How to Use the Shodan API at Scale

This is a quick post mostly for refreshing my memory in the future. I recently wanted to download the data Shodan had on a large corporate IP space with disparate ranges and several hundred thousand IP addresses for post processing.

As far as I can tell the Shodan help docs are scattered across too many pages and domains and subdomains. There are a few guides out there on the basics of Shodan CLI and API but I didn’t see anything that documented things at a slightly larger scale so here are a few quick notes on gathering this data. Shodan needs no introduction, and the basics are well covered so I’ll dive in.
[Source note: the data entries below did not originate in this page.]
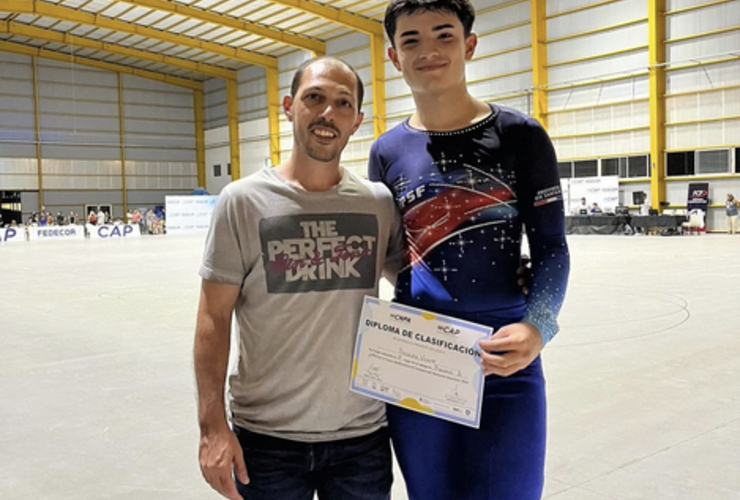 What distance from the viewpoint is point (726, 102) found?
948 inches

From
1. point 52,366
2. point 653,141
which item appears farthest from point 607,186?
point 52,366

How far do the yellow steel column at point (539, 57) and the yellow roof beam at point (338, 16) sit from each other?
24.9 ft

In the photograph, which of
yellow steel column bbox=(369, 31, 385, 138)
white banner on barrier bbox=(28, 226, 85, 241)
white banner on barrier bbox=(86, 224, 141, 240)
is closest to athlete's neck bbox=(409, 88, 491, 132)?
yellow steel column bbox=(369, 31, 385, 138)

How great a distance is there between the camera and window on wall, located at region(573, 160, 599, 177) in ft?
91.4

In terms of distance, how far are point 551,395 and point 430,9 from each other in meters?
4.04

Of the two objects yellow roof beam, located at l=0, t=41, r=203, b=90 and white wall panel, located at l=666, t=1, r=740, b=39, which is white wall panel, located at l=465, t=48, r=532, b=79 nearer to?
white wall panel, located at l=666, t=1, r=740, b=39

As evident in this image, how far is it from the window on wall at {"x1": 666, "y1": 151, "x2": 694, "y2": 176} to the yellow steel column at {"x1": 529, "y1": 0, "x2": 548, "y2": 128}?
5.10m

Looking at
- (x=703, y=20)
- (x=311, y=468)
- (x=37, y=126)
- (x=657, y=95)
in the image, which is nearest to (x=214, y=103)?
(x=37, y=126)

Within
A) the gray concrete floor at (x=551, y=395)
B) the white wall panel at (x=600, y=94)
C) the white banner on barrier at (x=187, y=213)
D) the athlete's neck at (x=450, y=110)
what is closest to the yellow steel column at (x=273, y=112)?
the white banner on barrier at (x=187, y=213)

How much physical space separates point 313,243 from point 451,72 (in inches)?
26.7

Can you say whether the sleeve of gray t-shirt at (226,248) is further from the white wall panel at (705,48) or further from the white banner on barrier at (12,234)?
the white banner on barrier at (12,234)

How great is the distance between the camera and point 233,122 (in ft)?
147

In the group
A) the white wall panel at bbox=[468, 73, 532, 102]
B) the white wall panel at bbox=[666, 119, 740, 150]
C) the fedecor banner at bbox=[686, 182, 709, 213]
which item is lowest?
the fedecor banner at bbox=[686, 182, 709, 213]

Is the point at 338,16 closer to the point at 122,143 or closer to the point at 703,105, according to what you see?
the point at 703,105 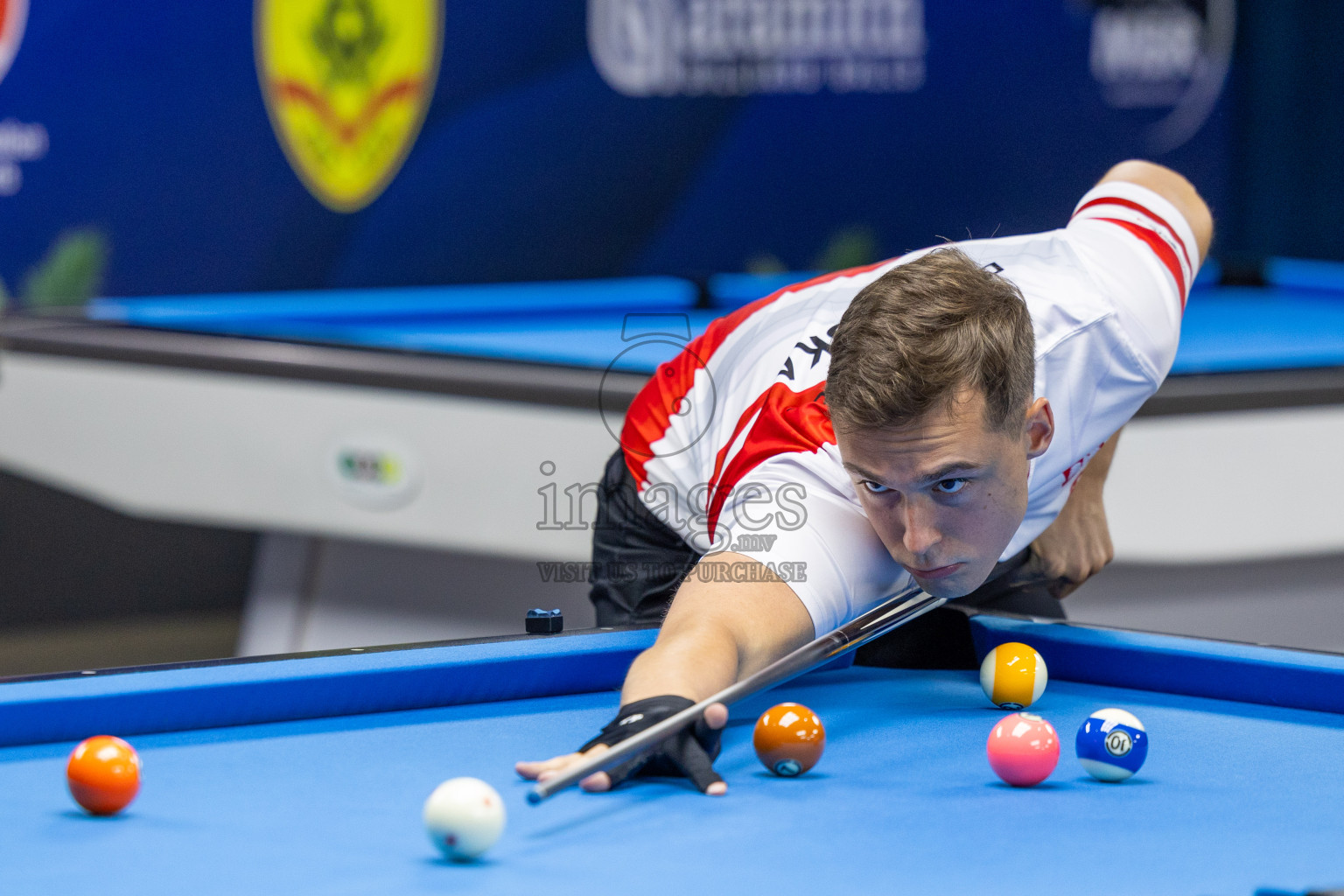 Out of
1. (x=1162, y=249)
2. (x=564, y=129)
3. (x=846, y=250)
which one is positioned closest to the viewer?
(x=1162, y=249)

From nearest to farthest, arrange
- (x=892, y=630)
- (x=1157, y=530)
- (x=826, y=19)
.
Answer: (x=892, y=630) < (x=1157, y=530) < (x=826, y=19)

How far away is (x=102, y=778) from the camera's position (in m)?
1.26

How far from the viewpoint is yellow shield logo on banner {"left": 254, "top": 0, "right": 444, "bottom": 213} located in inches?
183

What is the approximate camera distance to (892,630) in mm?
1915

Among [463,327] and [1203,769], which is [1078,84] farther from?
[1203,769]

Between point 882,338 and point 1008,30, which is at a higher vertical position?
point 1008,30

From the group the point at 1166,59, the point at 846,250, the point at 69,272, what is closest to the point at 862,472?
the point at 69,272

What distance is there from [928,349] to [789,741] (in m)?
0.41

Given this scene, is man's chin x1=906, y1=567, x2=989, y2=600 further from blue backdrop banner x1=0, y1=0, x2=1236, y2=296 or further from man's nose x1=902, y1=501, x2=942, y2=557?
blue backdrop banner x1=0, y1=0, x2=1236, y2=296

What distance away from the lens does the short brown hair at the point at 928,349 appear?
152 centimetres

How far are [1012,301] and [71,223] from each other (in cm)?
354

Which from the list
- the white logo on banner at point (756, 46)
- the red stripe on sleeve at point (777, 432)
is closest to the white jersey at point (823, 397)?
the red stripe on sleeve at point (777, 432)

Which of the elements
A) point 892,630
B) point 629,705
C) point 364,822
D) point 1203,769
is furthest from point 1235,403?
point 364,822

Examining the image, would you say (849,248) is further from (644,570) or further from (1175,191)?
(644,570) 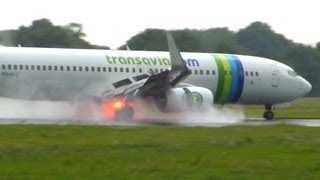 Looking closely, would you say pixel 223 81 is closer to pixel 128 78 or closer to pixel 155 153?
pixel 128 78

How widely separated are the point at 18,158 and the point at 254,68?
21.9 metres

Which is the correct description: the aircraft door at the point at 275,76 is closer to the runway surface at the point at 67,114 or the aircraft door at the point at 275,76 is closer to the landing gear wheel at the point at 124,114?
the runway surface at the point at 67,114

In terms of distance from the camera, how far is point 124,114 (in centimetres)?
3216

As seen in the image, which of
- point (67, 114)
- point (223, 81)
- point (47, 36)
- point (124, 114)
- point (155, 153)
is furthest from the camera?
point (47, 36)

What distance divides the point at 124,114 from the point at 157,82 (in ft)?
5.85

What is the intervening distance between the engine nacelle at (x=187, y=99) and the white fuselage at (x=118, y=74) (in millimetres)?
2605

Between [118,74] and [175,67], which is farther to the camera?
[118,74]

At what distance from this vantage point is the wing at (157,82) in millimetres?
32000

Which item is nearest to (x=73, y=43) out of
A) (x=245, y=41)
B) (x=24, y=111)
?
(x=245, y=41)

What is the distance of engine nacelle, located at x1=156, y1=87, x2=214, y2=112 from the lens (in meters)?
31.9

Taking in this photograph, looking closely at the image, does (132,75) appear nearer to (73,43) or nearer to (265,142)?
(265,142)

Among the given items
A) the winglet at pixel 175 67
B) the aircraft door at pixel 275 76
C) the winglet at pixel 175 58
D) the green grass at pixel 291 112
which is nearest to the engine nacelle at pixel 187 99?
the winglet at pixel 175 67

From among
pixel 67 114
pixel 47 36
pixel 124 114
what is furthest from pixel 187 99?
pixel 47 36

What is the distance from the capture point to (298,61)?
313ft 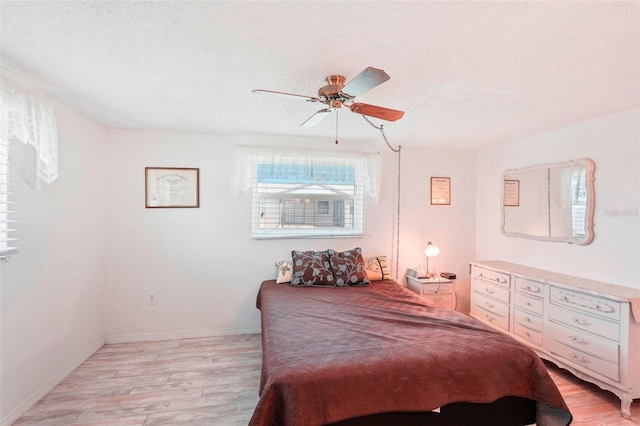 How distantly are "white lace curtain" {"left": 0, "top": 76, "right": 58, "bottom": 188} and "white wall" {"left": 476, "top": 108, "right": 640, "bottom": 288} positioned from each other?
14.6ft

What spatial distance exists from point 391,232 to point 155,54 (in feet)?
10.0

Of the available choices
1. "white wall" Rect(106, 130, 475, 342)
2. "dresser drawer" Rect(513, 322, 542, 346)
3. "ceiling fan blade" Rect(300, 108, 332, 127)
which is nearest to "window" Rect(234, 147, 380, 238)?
"white wall" Rect(106, 130, 475, 342)

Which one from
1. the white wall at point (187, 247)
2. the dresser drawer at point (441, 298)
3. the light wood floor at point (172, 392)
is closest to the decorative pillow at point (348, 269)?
the white wall at point (187, 247)

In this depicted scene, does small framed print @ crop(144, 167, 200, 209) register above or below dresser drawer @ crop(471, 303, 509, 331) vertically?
above

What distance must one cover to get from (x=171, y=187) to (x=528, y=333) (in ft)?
12.8

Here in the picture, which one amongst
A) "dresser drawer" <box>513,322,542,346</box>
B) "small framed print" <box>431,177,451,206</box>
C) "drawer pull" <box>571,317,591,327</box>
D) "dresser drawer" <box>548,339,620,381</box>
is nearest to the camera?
"dresser drawer" <box>548,339,620,381</box>

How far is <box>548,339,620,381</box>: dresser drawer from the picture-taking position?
2.13m

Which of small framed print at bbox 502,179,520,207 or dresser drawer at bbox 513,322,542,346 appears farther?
small framed print at bbox 502,179,520,207

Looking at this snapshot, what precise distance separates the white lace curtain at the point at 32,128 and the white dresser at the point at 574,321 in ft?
13.6

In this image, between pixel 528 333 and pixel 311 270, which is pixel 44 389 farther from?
pixel 528 333

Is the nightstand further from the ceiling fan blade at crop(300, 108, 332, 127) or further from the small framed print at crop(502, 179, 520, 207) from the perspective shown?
the ceiling fan blade at crop(300, 108, 332, 127)

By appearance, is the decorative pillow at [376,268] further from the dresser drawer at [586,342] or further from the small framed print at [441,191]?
the dresser drawer at [586,342]

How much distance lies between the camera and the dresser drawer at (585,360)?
6.99 feet

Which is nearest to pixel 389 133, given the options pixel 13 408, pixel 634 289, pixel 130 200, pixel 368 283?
pixel 368 283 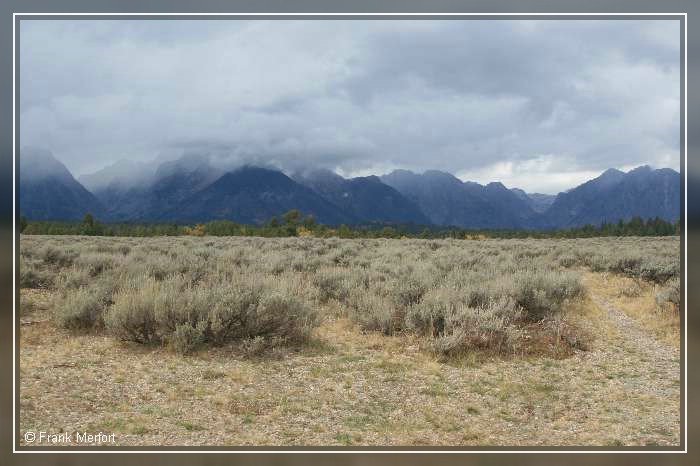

API Plans and Credits and Scanning Credits and Download Credits and Oh My

API plans? Credits? What do you need to know to make sure you have the right one? In my case I just wanted to download the data Shodan had and for the moment didn’t need to make use of any scanning or real-time data feed features. The Freelancer plan would work in this case but fortunately for me, my employer is helping funding Shodan with a corporate license. This also gives me access to bulk lookups which speeds up time to results.

Pricing

DataFreelancerSmall BusinessCorporateEnterprise
Price$59/month$299/month$899/month$You don’t want to ask
Results/month
(query credits)
1MM
(100 credits)
20MM
(2,000 credits)
Unlimited
(100,000 credits)
Unlimited
IP scans/month
(scan credits)
5,00065,000300,000Unlimited
Results Downloads
(export credits)
200,000
(20 credits)
Unsure1MM
(100 credits)
Bulk Data Feed (all of it)
FiltersMost
undefined)
Most
(undefined)
AllAll
Vulnerability Search FilterYesYesYes
Bulk IP LookupsYesYes
Tag Search FilterYesYes

If you’re not going past the first page and not using filters, no credits are being used and no account is required.

Credit Types

Obtaining data costs you “credits”. Depending how you access it you’re using different credit types. The following info comes from the Shodan Credits Explained page, which mostly just confuses me.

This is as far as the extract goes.